Your answer must be the exact lines below, starting with the line with "Nouvelle construction - Villa" and going on through the line with "Vera - Vera Playa", both included, with no pictures.

BEGIN The data

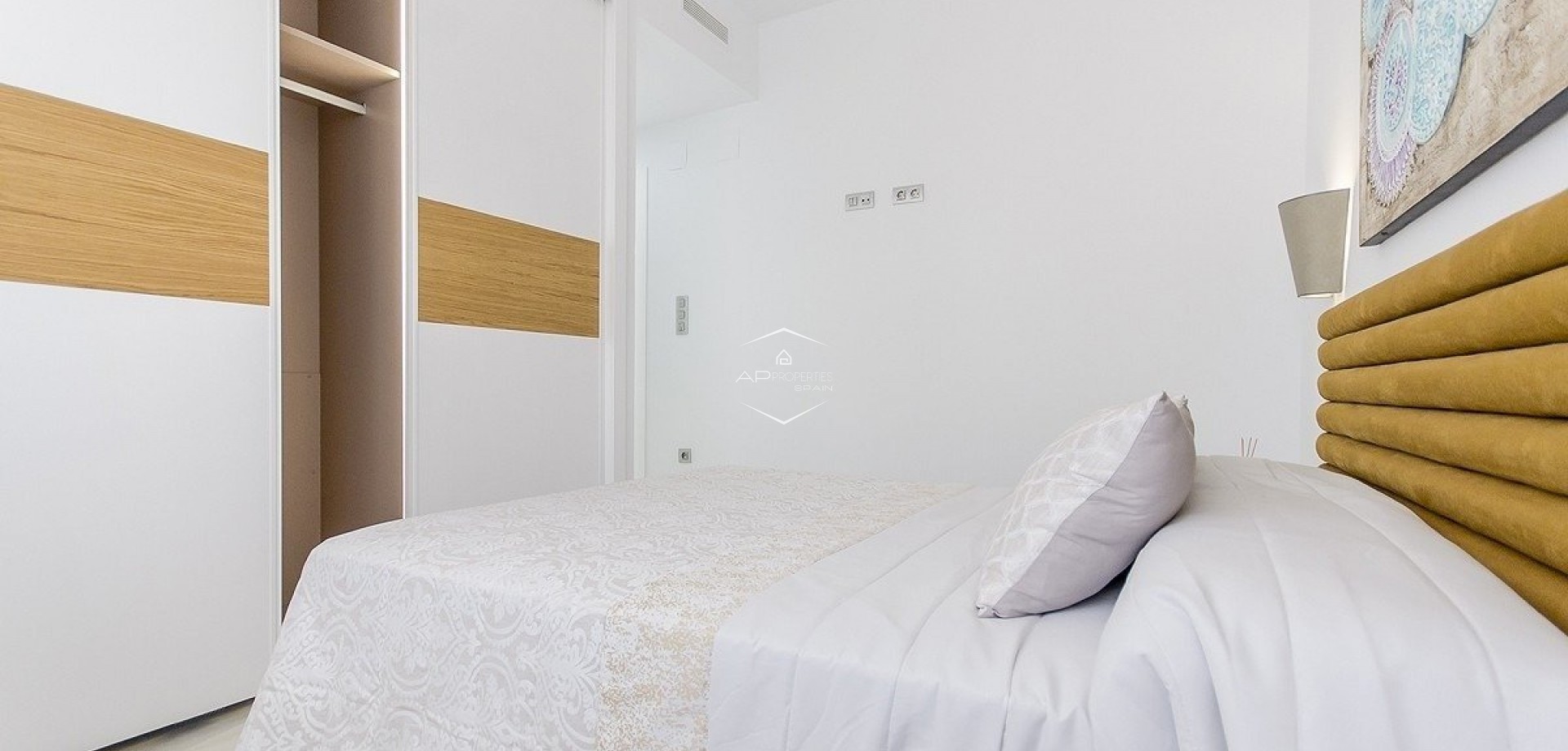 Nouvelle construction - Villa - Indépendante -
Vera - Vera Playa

END The data
BEGIN The data

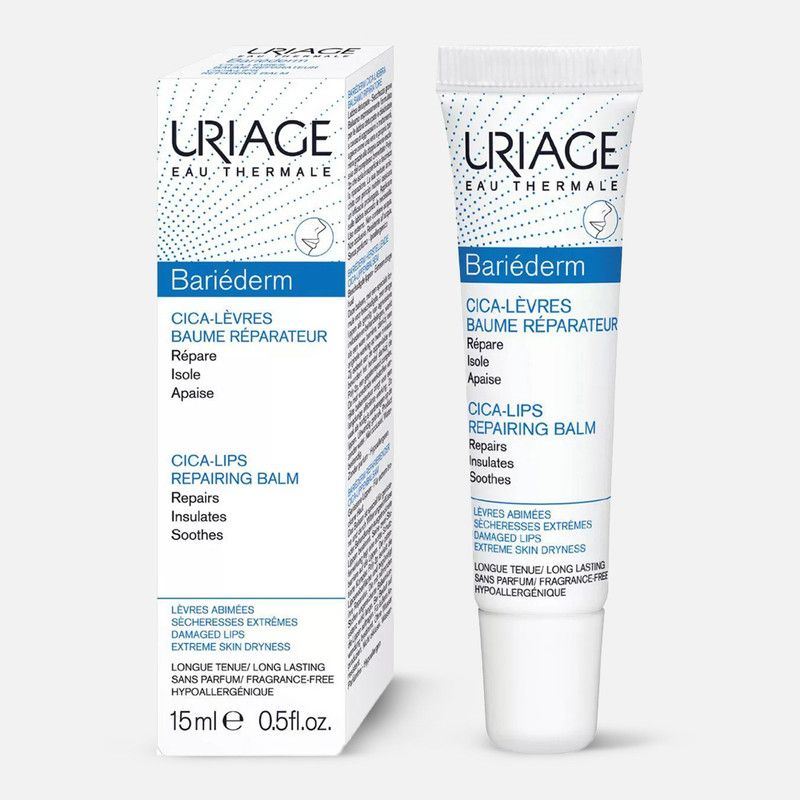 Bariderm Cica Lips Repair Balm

END The data

■ **Solution for this problem**
 Nouvelle construction - Villa - Indépendante -
Vera - Vera Playa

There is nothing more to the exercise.